=== Provided data ===

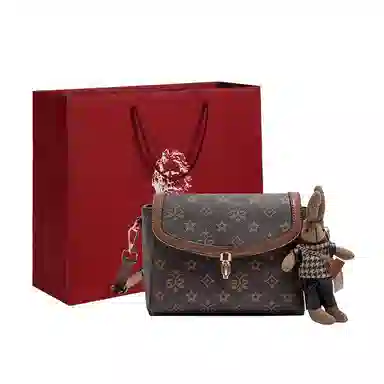 老人头 复古简约时尚百搭通勤实用大气 合成革 单肩斜挎包 小号 女 啡色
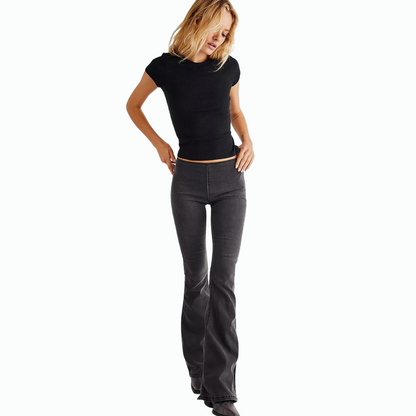 Free People Penny Pull On Flare Jeans in Black - 29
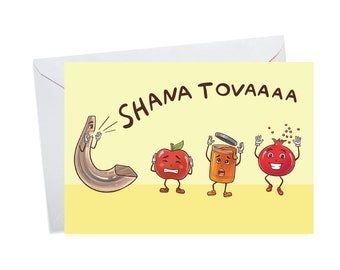 Rosh Hashanah Card, Funny Rosh Hashanah Card, Cute Jewish Card, Shana Tova, Apples and Honey, Jewish New Year Card, Shofar Card, Jewish Gift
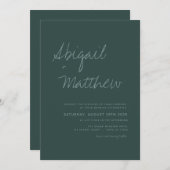 エメラルドグリーンのシンプルでミニマルな写真付きウェディング 招待状 (正面/裏面)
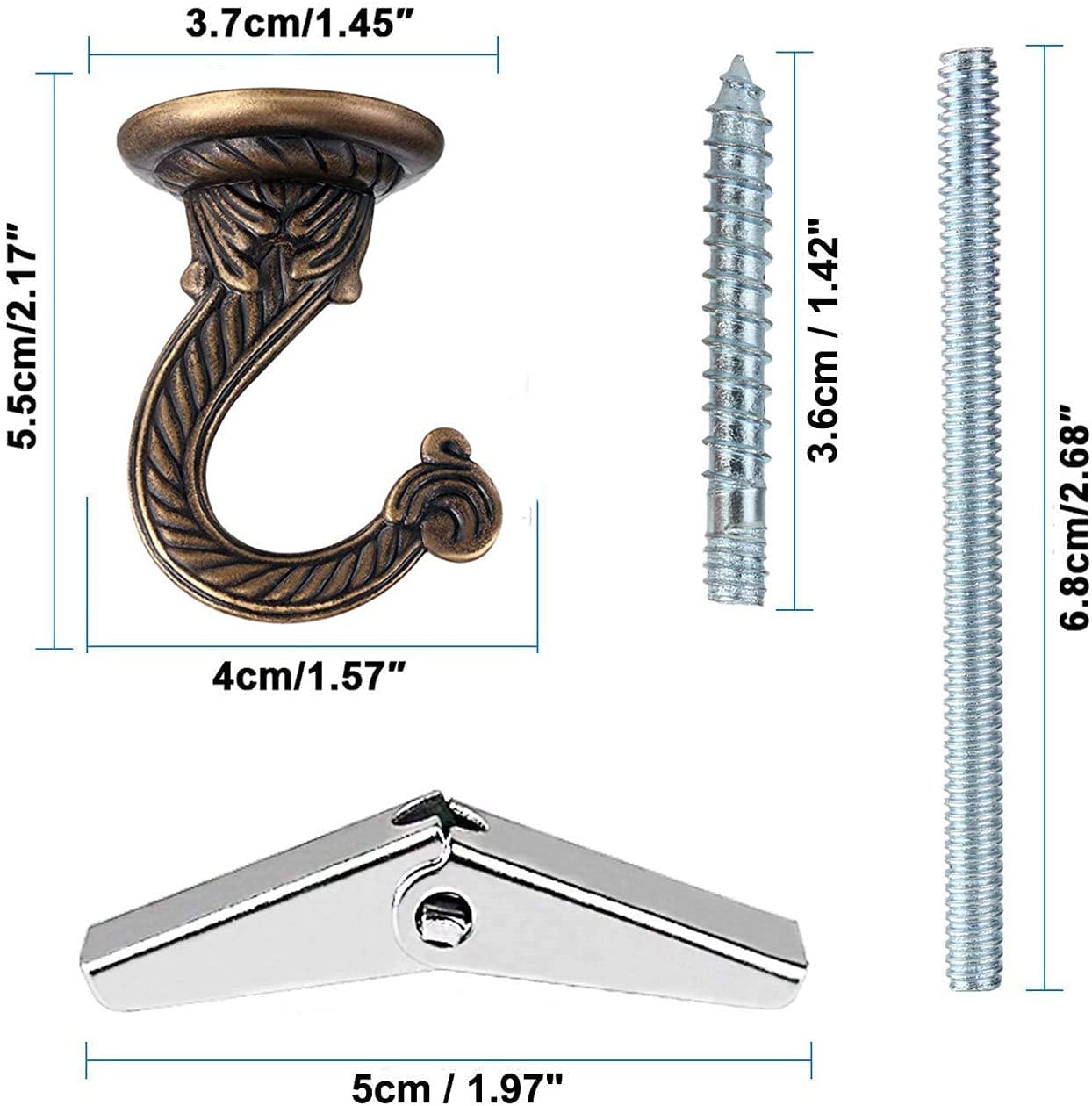 GDQLCNXB GDQLCNXB 2 Sets 55mm 2.17" Ceiling Metal Ceiling Hooks, Heavy Duty Swag Hooks with Hardware for Hanging Plants Chandeliers Wind Chimes Ornament - View 3 of 6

===

What the task asks - Could you copy the lines above exactly and skip the images?

Answer to the exercise -
 老人头 复古简约时尚百搭通勤实用大气 合成革 单肩斜挎包 小号 女 啡色
 Free People Penny Pull On Flare Jeans in Black - 29
 Rosh Hashanah Card, Funny Rosh Hashanah Card, Cute Jewish Card, Shana Tova, Apples and Honey, Jewish New Year Card, Shofar Card, Jewish Gift
 エメラルドグリーンのシンプルでミニマルな写真付きウェディング 招待状 (正面/裏面)
 GDQLCNXB GDQLCNXB 2 Sets 55mm 2.17" Ceiling Metal Ceiling Hooks, Heavy Duty Swag Hooks with Hardware for Hanging Plants Chandeliers Wind Chimes Ornament - View 3 of 6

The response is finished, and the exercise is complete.